Apparently is is malloc_d storage (there a "free(content);"), so there's no
harm al all in initializing it with NULL, even if it only appeases a stupid

The next one, builtin/fast-export.c, line 486:
                struct commit *commit = commit;
it is set in a switch statement, but not in every case, as far as I can see.
Hmm, maybe it is, and I just get lost in the code
And it is used directly after the switch, hopefully set to something
Why take the risk and not set it to NULL?

Next one, builtin/rev-list.c, line 390:
                int reaches = reaches, all = all;

                revs.commits = find_bisection(revs.commits, &reaches, &all,

Seem pretty pointless to initialize them, provided find_bisection doesn't
read them.
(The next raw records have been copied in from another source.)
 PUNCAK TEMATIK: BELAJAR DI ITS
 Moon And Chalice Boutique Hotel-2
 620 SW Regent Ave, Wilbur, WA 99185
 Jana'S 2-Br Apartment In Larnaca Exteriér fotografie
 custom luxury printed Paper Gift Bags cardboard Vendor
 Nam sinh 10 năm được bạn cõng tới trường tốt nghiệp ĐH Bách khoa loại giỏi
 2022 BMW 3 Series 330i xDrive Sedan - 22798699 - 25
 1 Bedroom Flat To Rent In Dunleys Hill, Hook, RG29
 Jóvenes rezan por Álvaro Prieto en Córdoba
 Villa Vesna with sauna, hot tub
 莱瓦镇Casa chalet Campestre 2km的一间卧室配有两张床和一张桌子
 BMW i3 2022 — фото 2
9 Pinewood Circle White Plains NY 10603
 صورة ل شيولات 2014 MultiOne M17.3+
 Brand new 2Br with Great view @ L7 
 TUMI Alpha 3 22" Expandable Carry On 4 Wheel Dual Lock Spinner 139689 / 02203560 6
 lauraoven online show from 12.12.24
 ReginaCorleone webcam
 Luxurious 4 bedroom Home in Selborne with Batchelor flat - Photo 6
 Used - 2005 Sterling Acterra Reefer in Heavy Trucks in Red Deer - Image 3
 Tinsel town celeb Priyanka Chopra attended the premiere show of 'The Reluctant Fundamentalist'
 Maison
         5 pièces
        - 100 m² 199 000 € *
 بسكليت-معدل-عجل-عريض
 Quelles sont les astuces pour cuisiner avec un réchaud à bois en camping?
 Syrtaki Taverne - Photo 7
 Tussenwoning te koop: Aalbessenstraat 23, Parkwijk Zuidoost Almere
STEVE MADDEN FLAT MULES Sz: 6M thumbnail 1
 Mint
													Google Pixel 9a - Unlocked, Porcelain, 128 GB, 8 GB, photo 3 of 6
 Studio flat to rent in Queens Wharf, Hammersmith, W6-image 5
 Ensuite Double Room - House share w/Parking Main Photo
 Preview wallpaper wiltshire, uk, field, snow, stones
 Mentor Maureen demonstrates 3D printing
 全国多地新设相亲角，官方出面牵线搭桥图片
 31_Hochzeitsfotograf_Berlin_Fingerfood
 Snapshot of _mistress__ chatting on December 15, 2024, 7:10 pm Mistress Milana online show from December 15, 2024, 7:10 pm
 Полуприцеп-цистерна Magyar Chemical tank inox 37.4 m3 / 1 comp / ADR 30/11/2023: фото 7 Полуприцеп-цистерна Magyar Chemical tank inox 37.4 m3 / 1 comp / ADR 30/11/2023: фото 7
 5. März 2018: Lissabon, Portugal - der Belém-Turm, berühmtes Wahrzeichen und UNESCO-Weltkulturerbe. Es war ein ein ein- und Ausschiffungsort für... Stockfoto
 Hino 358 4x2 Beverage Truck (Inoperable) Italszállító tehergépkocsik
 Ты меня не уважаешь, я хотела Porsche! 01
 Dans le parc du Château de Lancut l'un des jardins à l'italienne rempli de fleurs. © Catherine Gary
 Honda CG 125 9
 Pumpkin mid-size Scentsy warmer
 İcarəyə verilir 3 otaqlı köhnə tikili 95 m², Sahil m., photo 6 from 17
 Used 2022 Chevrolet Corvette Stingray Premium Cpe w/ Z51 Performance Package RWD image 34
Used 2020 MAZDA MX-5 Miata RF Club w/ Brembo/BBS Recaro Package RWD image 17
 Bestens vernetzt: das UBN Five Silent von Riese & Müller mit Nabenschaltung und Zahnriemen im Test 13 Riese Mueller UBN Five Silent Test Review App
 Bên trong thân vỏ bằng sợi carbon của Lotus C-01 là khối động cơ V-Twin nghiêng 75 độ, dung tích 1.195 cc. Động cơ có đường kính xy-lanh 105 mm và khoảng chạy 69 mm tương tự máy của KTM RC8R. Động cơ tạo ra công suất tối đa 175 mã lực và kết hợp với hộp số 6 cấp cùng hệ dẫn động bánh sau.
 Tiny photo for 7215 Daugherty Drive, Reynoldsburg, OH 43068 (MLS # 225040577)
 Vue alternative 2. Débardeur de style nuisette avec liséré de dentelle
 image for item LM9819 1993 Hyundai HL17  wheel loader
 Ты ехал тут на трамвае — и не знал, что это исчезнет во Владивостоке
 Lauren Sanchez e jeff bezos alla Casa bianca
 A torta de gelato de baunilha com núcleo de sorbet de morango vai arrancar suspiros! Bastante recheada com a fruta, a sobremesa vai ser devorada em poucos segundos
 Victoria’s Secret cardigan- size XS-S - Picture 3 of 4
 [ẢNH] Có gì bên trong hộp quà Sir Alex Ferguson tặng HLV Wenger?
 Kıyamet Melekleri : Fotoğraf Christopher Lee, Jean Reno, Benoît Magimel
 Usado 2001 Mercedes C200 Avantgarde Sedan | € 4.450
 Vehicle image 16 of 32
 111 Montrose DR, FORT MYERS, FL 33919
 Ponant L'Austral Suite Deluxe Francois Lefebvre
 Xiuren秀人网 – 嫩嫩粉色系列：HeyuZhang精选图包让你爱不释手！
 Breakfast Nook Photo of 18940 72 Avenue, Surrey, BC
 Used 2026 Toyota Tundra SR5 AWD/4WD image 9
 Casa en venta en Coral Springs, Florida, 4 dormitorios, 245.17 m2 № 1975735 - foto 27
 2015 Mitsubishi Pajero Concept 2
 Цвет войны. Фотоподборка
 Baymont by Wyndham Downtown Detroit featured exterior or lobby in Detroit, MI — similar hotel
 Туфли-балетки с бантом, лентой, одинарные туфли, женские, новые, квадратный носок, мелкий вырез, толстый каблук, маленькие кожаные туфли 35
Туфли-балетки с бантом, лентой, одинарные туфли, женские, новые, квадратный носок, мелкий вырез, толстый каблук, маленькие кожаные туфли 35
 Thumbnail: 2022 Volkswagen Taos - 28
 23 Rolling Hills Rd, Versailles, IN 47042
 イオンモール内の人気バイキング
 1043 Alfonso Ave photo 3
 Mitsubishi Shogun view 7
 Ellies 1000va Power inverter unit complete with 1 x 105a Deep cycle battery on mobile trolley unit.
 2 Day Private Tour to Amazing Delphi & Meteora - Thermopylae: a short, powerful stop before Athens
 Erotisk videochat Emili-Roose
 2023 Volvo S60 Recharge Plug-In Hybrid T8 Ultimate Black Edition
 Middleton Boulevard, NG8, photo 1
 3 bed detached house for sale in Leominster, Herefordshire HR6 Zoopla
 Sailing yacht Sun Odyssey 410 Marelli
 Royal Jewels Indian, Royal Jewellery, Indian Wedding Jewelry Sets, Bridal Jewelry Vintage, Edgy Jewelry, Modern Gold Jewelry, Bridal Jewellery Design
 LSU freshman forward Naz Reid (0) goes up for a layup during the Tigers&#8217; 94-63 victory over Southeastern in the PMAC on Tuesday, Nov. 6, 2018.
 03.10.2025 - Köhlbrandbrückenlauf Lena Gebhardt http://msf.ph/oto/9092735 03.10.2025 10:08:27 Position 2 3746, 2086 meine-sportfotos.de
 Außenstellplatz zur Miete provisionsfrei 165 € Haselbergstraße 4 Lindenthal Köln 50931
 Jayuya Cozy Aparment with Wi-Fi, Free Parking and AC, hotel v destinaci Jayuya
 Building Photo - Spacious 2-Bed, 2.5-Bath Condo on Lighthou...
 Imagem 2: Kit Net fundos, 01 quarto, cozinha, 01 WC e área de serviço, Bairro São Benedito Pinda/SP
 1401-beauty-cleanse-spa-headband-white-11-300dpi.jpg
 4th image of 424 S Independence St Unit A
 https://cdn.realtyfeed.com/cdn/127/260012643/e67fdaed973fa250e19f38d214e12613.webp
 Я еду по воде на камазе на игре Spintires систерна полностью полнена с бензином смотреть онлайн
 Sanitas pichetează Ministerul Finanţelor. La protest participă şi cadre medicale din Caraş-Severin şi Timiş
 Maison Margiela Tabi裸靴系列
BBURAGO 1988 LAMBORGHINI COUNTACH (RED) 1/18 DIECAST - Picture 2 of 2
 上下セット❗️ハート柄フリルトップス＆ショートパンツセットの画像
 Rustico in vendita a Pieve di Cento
Does it?
I'm too Next one, lazy to check... I'd just set them to 0 and stop worrying.

Next one, fast-import.c, line 2268:
        struct object_entry *oe = oe;

os gets set in en if and an else branch, but not in then intermediate else
if branch!
It is checked for !NULL later, so it should really get initialized to NULL
in the first place!

Same file, line 2437, same variable name, same story!
Same file, line 2616, variable e, it is used in an if branch but set after
Same file again, line 2917, variable oe again. Same story as above.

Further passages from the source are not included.